ASSIGNMENT ▸ Exact copies of the lines below are the goal; any images in them are dropped.

Top of RECORD EXTRACTS

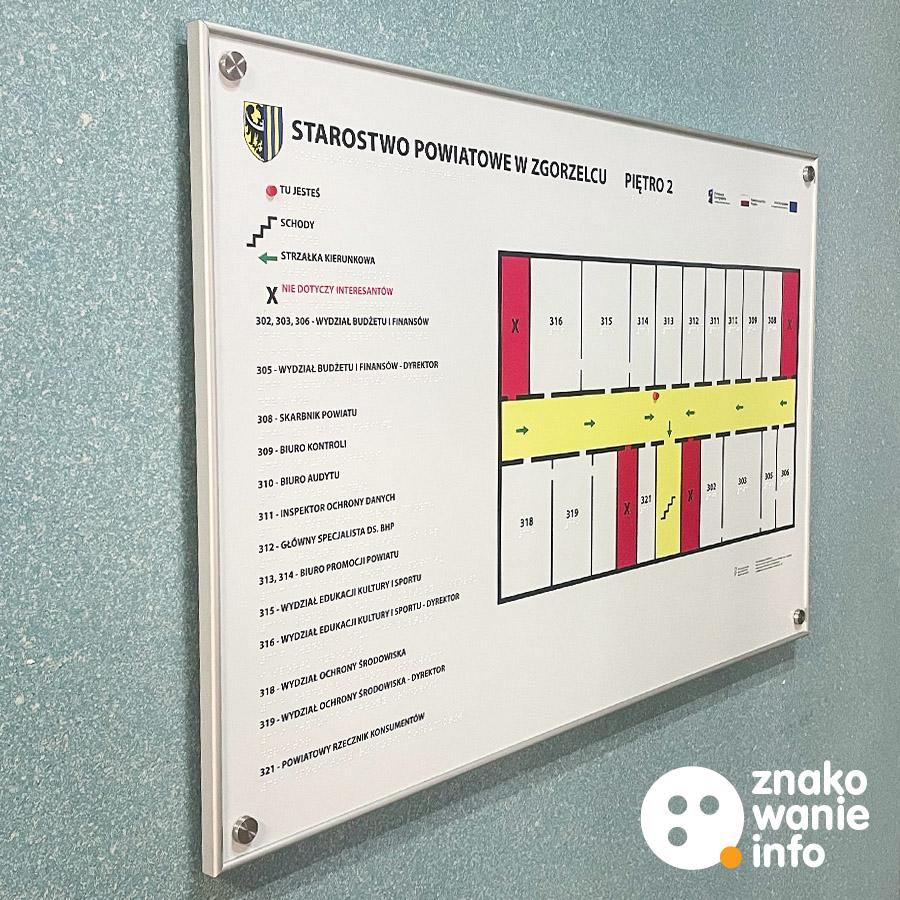 tyflomapa z alfabetem brajla i wypukłą grafiką tyflomapa z alfabetem brajla i wypukłą grafiką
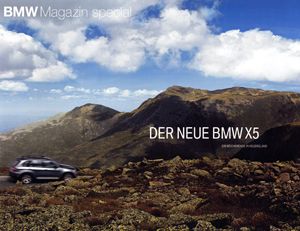 BMW Magazin special DER NEUE BMW X5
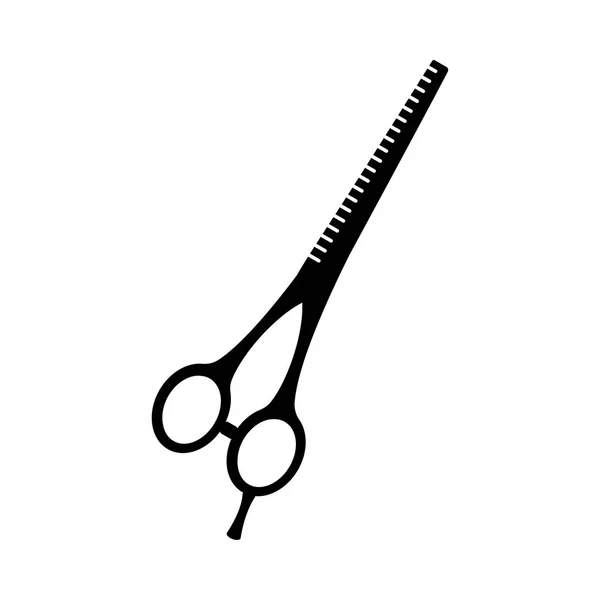 Black and white thinning scissors — Stock Vector
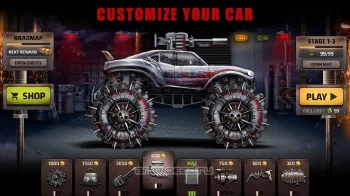 Zombie Hill Racing - Earn To Climb: Игры Про Зомби - скриншот 1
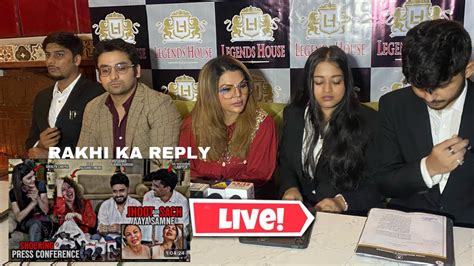 LIVE Rakhi Sawant With Lawyers Ne Diya Karara Jawab Adil Sherlyn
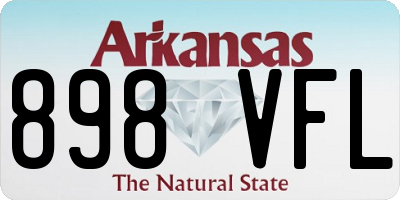 AR license plate 898VFL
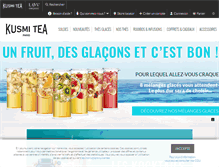 Tablet Screenshot of kusmitea.com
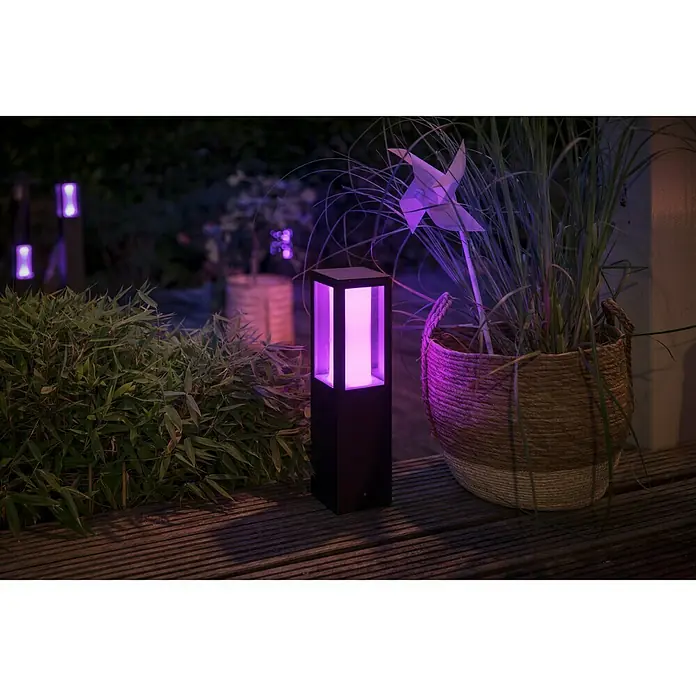 Philips Hue LED-Sockelleuchte White & Color Ambiance Impress - 2-flammig, 8 W, Lichtfarbe: Mehrfarbig, IP44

Bottom of RECORD EXTRACTS

SOLUTION FOR THIS PROBLEM ▸
 tyflomapa z alfabetem brajla i wypukłą grafiką tyflomapa z alfabetem brajla i wypukłą grafiką
 BMW Magazin special DER NEUE BMW X5
 Black and white thinning scissors — Stock Vector
 Zombie Hill Racing - Earn To Climb: Игры Про Зомби - скриншот 1
 LIVE Rakhi Sawant With Lawyers Ne Diya Karara Jawab Adil Sherlyn
 AR license plate 898VFL
 Tablet Screenshot of kusmitea.com
 Philips Hue LED-Sockelleuchte White & Color Ambiance Impress - 2-flammig, 8 W, Lichtfarbe: Mehrfarbig, IP44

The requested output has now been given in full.